Start of Supplied data
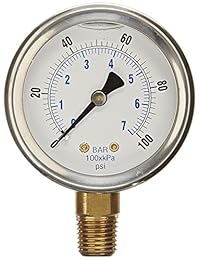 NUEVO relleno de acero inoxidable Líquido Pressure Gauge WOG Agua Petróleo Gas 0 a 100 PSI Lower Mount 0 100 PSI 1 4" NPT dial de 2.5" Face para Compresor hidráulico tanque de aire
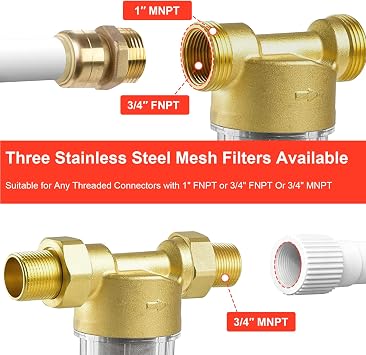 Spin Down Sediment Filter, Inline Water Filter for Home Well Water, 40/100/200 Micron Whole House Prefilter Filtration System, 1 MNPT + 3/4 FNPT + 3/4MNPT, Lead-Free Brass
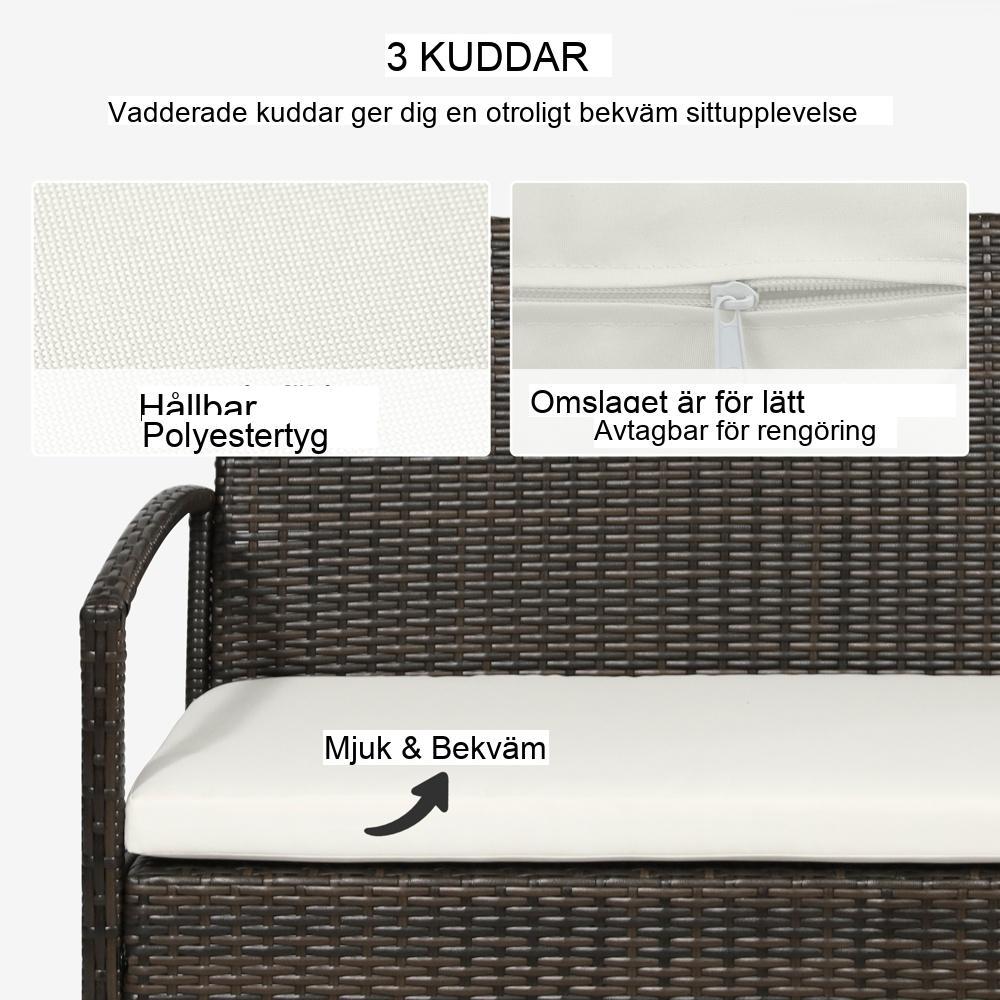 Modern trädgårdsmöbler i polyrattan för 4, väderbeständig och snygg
End of Supplied data
◆ Task
Write out the data word for word. Any picture is to be skipped.

◆ Solution to the exercise
 NUEVO relleno de acero inoxidable Líquido Pressure Gauge WOG Agua Petróleo Gas 0 a 100 PSI Lower Mount 0 100 PSI 1 4" NPT dial de 2.5" Face para Compresor hidráulico tanque de aire
 Spin Down Sediment Filter, Inline Water Filter for Home Well Water, 40/100/200 Micron Whole House Prefilter Filtration System, 1 MNPT + 3/4 FNPT + 3/4MNPT, Lead-Free Brass
 Modern trädgårdsmöbler i polyrattan för 4, väderbeständig och snygg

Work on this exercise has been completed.